[What you will do] Could the lines from the top of the material to the line that contains "STKMFI_019201 3d STL model" be retyped exactly, both included and pictures omitted?

[Record set]
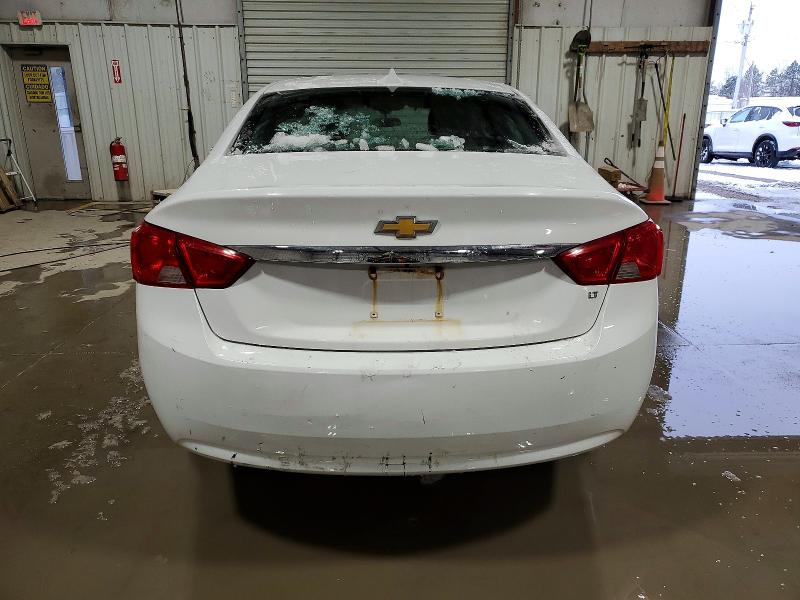 Photo 6 from auction – 2014 CHEVROLET IMPALA with VIN 1G1125S36EU113785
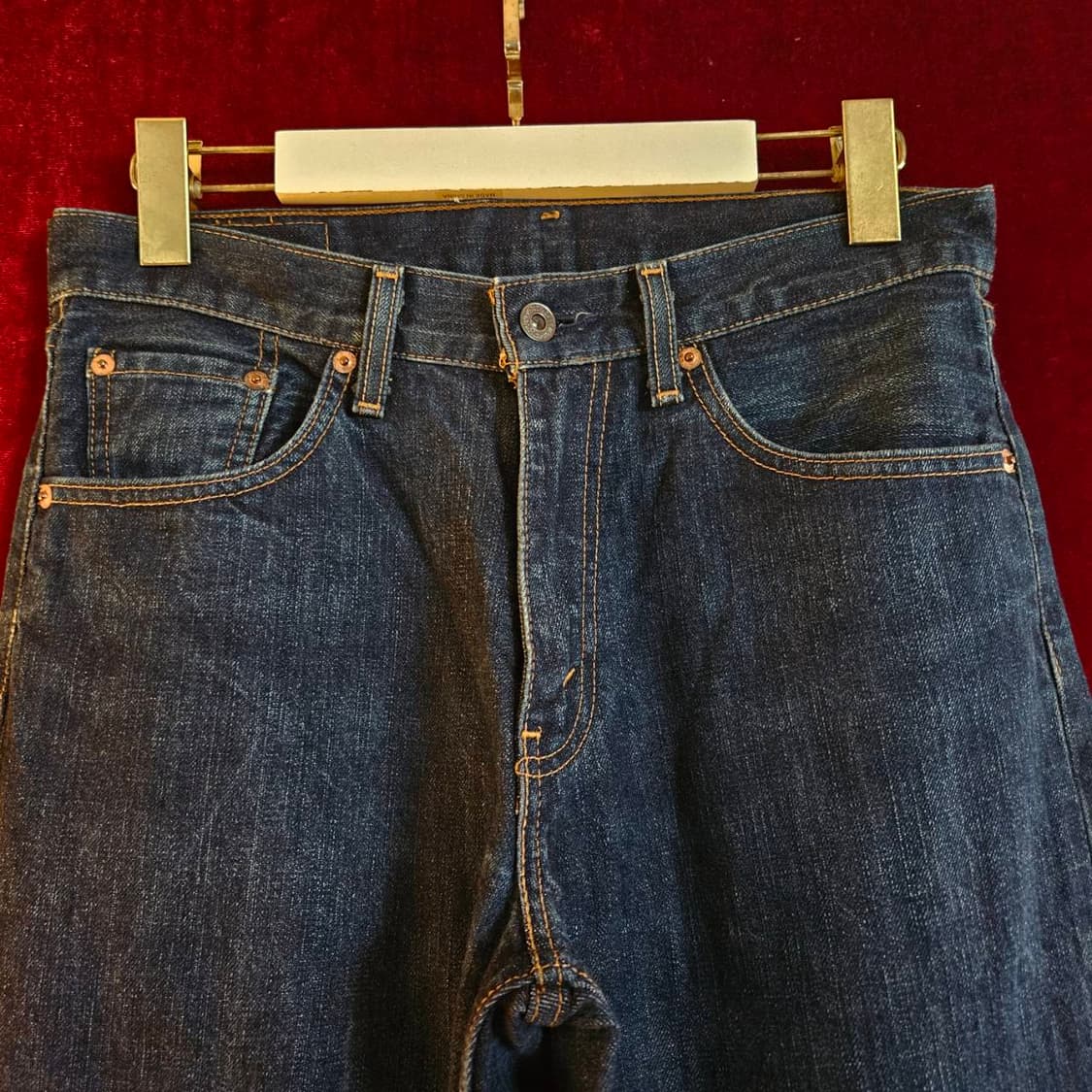 리바이스(Levis) "502" 90's in Japan 데님 팬츠 상품이미지4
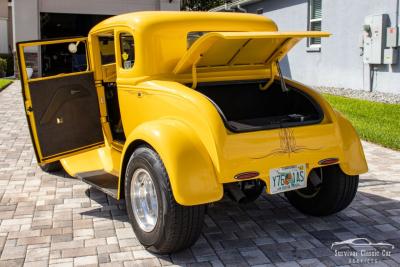 1930 Ford Model A 5 Window Coupe Street Rod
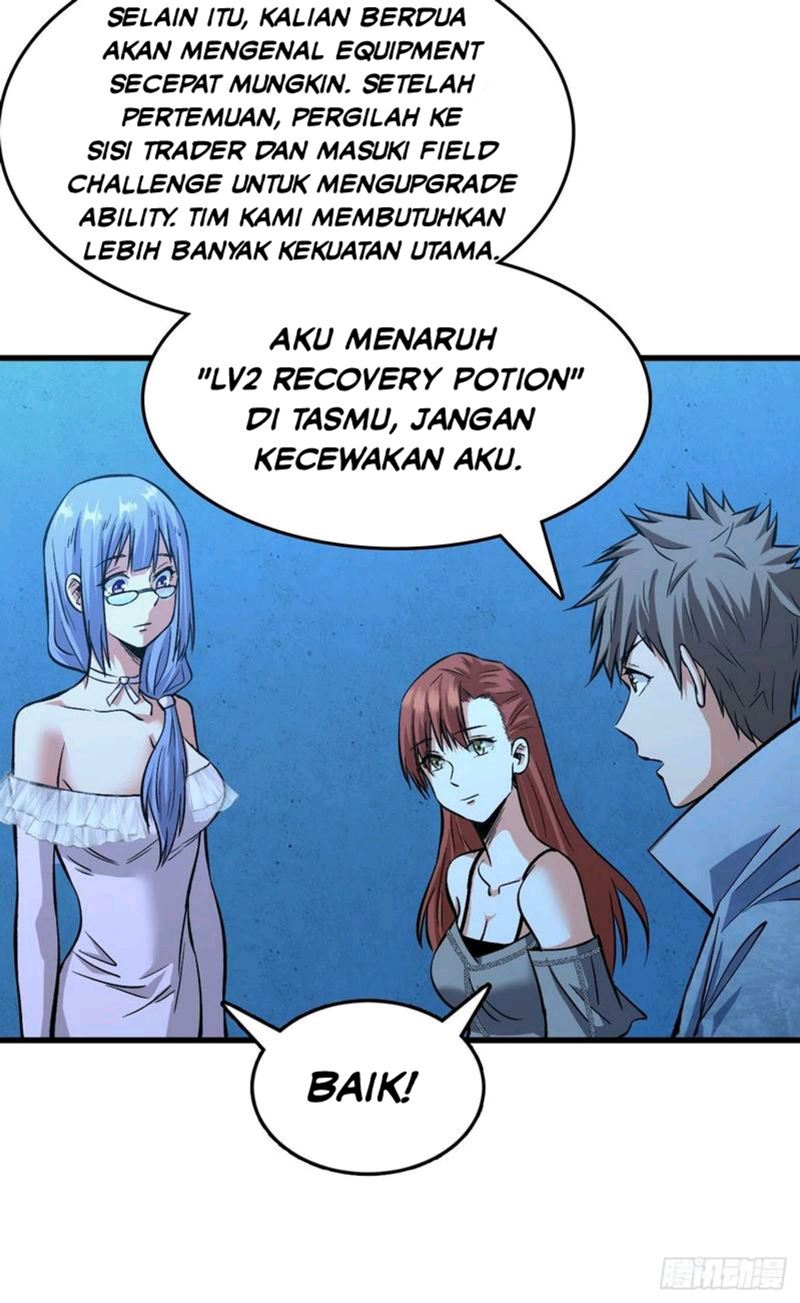 Return To Beginning Of The Apocalypse Chapter 69 - halaman 4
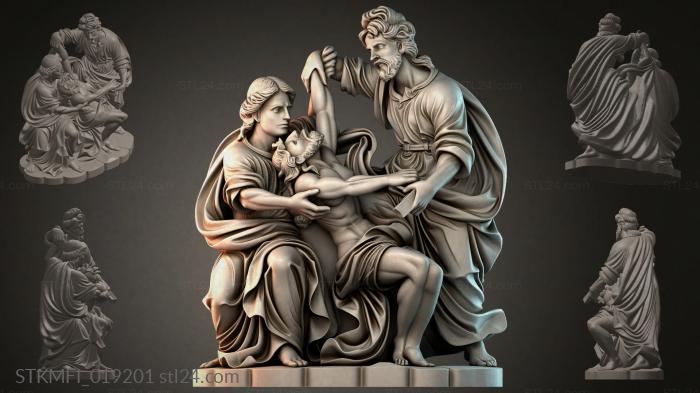 STKMFI_019201 3d STL model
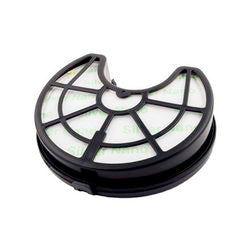 Filter under the flask foam. in the case (with a lid) for vacuum cleaner SC9100 Samsung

[Answer section]
 Photo 6 from auction – 2014 CHEVROLET IMPALA with VIN 1G1125S36EU113785
 리바이스(Levis) "502" 90's in Japan 데님 팬츠 상품이미지4
 1930 Ford Model A 5 Window Coupe Street Rod
 Return To Beginning Of The Apocalypse Chapter 69 - halaman 4
 STKMFI_019201 3d STL model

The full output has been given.